▸ **TASK DIRECTIONS**
A verbatim copy of the records is required, with all pictures left out.

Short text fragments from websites
----

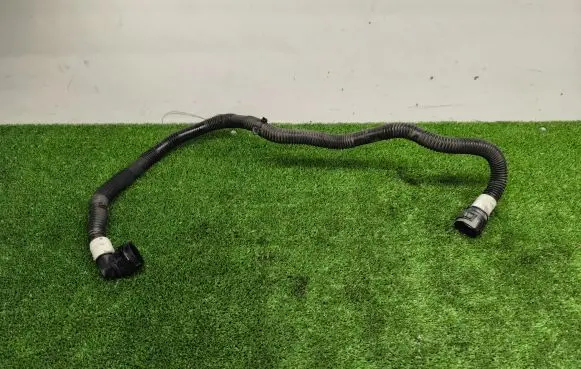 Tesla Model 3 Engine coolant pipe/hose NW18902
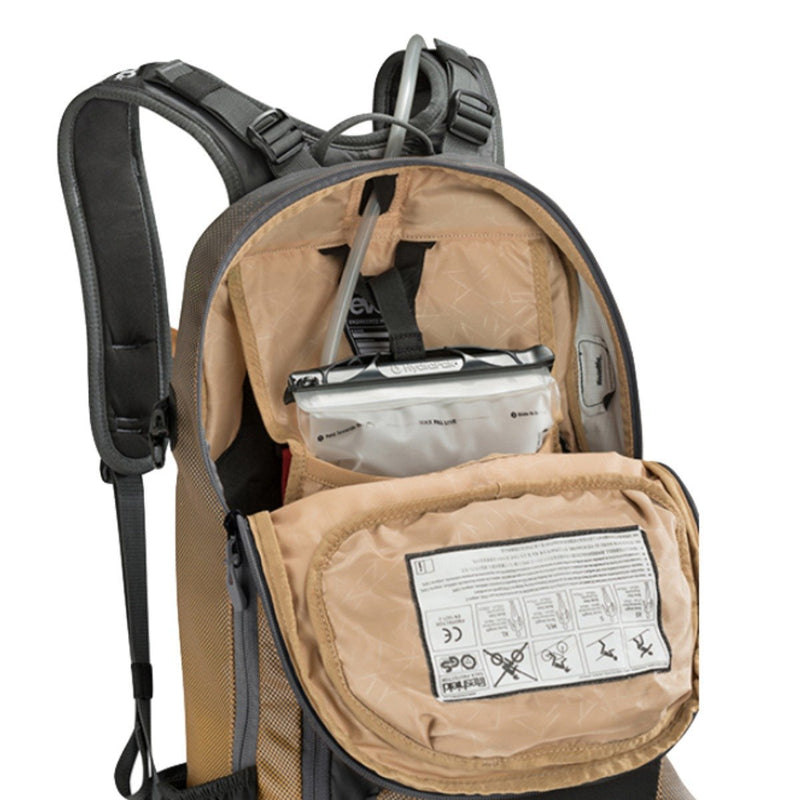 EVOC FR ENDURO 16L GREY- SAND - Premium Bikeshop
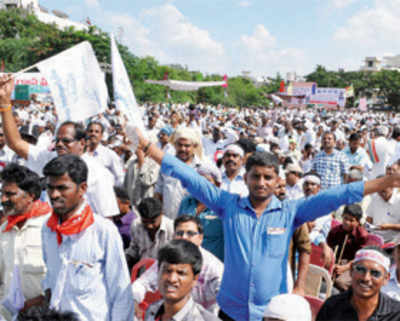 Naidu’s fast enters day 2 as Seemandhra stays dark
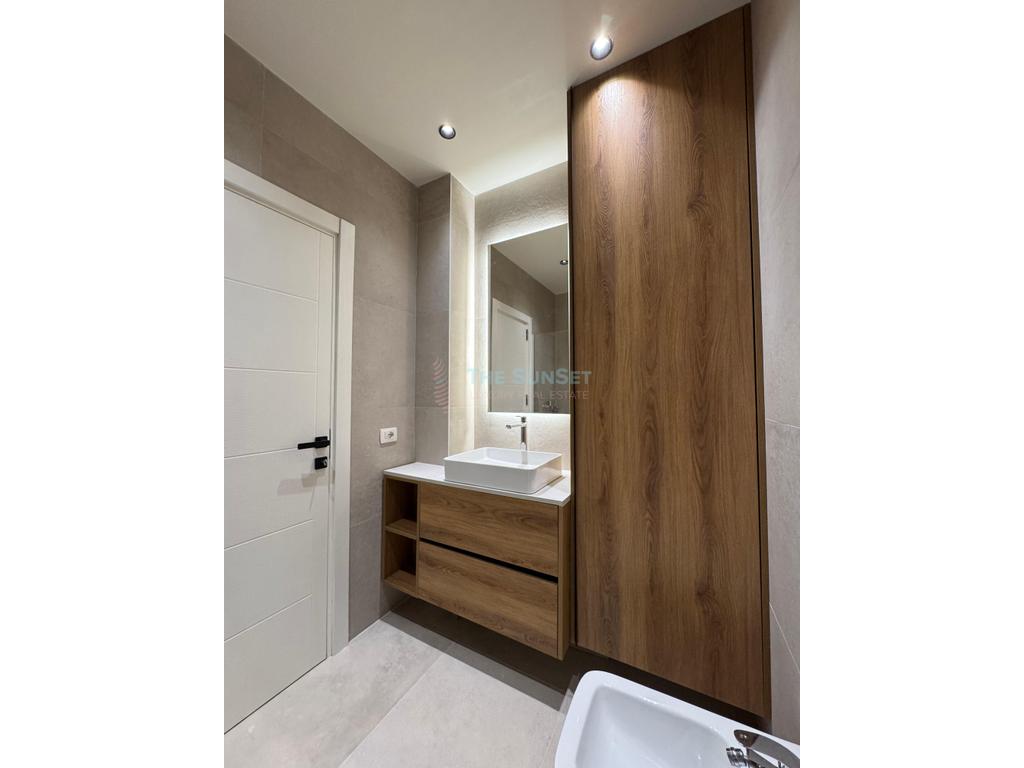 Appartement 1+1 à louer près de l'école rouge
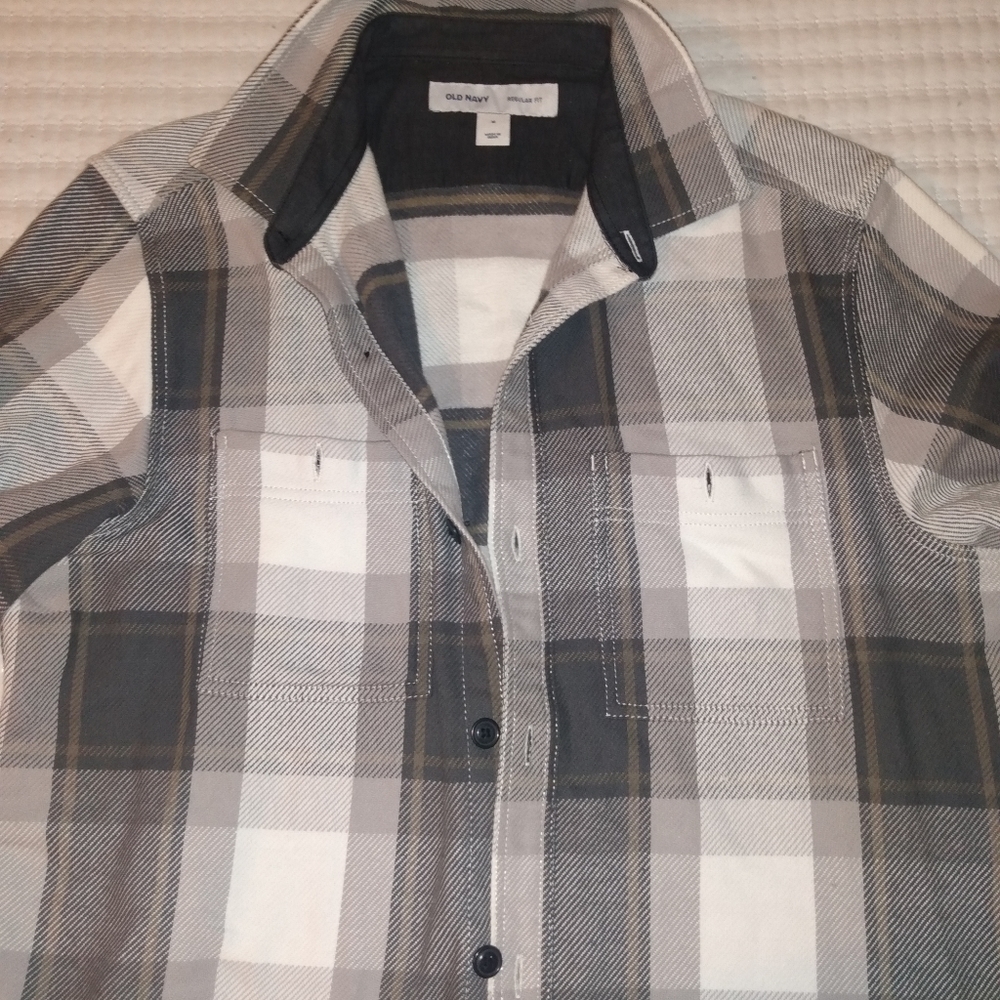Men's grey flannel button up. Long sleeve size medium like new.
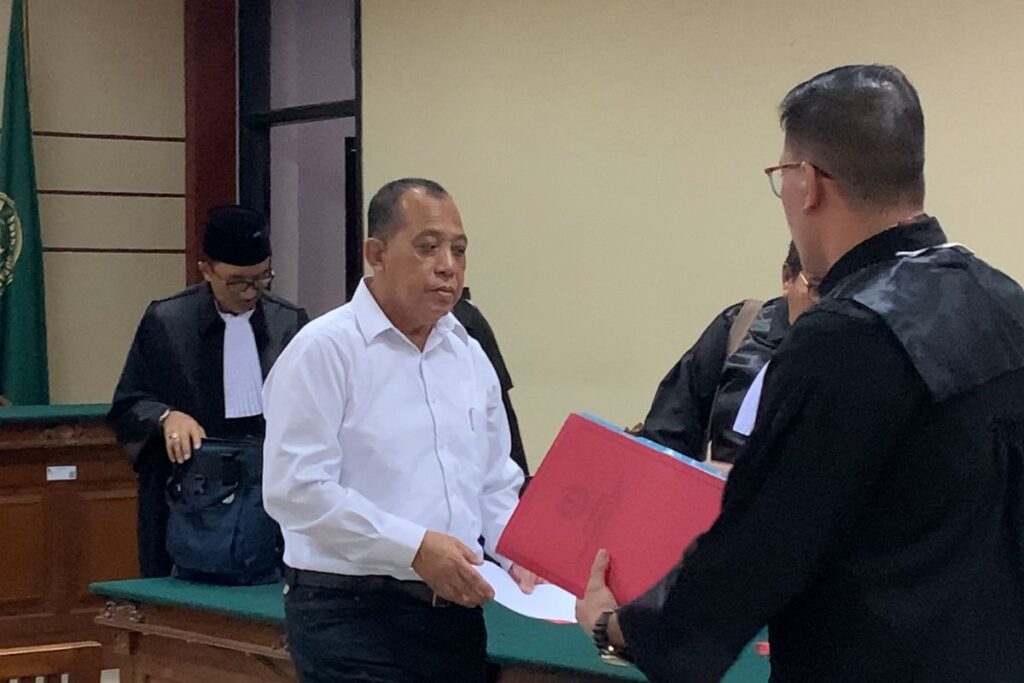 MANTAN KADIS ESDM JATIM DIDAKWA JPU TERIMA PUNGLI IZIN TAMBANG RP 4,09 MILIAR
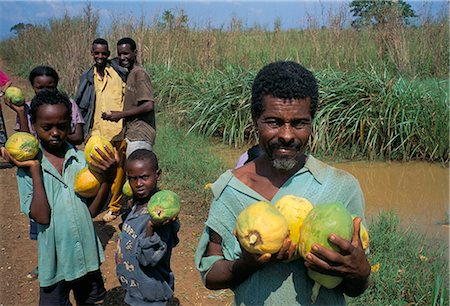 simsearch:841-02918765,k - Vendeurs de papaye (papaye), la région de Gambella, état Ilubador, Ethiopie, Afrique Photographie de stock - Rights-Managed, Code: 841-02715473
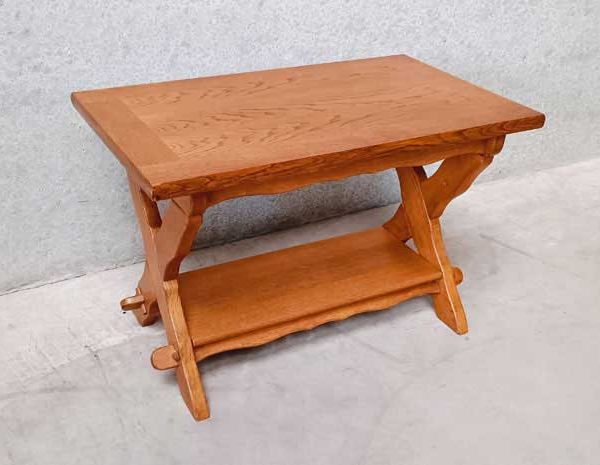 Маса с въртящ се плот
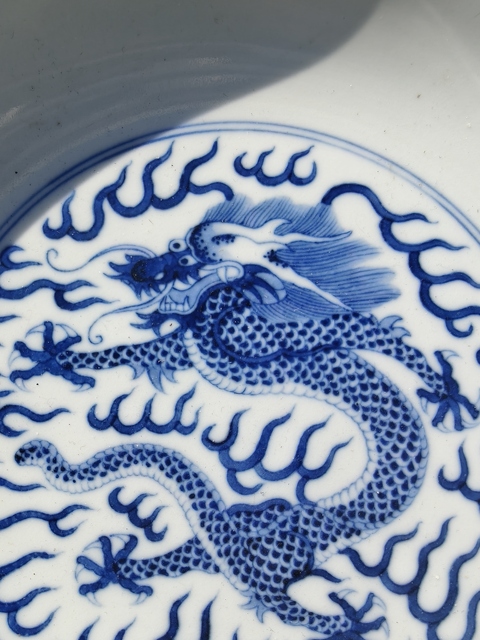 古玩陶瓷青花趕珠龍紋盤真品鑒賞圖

----

▸ **SOLUTION TO THIS PROBLEM**
 Tesla Model 3 Engine coolant pipe/hose NW18902
 EVOC FR ENDURO 16L GREY- SAND - Premium Bikeshop
 Naidu’s fast enters day 2 as Seemandhra stays dark
 Appartement 1+1 à louer près de l'école rouge
Men's grey flannel button up. Long sleeve size medium like new.
 MANTAN KADIS ESDM JATIM DIDAKWA JPU TERIMA PUNGLI IZIN TAMBANG RP 4,09 MILIAR
 simsearch:841-02918765,k - Vendeurs de papaye (papaye), la région de Gambella, état Ilubador, Ethiopie, Afrique Photographie de stock - Rights-Managed, Code: 841-02715473
 Маса с въртящ се плот
 古玩陶瓷青花趕珠龍紋盤真品鑒賞圖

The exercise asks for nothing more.